In this section, a proxy agent-based scheme is proposed in order to minimize the SIP session re-setup delay over wireless link in 3G inter-subnet handover scenario. All BSs located together with SGSN (serving GPRS support node) actually have proxy agents, which play a significant role in processing SIP session request message triggered by the MH or the CH. That is, when an SIP session is initiated by the MH or the CH, the proxy agent on the BS, which the MH is attached to, sends an SIP session specification (called S-SPEC) message to a set of possible BSs (called M-SPEC) to which the MH may visit in next step. Hence, the proxy agent on the BS needs to discover the IP addresses of the neighboring BSs in the M-SPEC. The existing solutions to maintain and create M-SPEC can actually be found from a lot of previous works [11–15].

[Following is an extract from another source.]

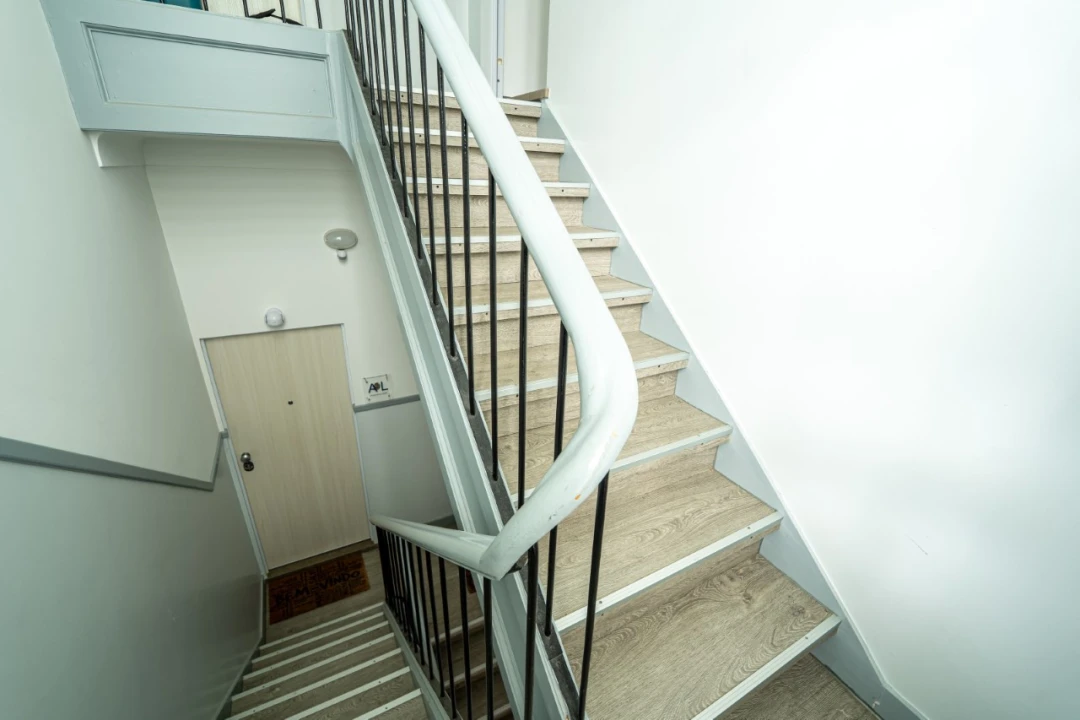 Apartamento T1 para Venda em Nazare Foto 13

Typically, an INVITE message has most of the fields defined in SIP header and the essential descriptions in SDP body, and a 200 OK status code message also has the important header fields. Hence, the S-SPEC can actually be constructed with INVITE message and 200 OK status code message exchanged when the session is initiated. More specifically, when the MH is a sender, the S-SPEC message consists of INVITE message requested from the MH and the OK message responded from the CH. When the MH is a receiver, the S-SPEC has the opposite SIP message. Thus, SIP session objects in S-SPEC are eventually stored at the newly discovered BSs in the M-SPEC. In other words, when an MH establishes an SIP session via a current BS, the proxy agent on the BS sends the S-SPEC of the session to the remote proxy agents on the candidate BSs in MH's M-SPEC. In addition, since installing S-SPEC into the remote proxy agents on the candidate BSs in the M-SPEC can actually be performed in parallel with data transmissions right after the SIP session is established, the extra load due to S-SPEC installation can be ignored in measuring SIP session setup delay. Figure 2 shows that a remote proxy agent on the new BS reestablishes the SIP session by using the S-SPEC.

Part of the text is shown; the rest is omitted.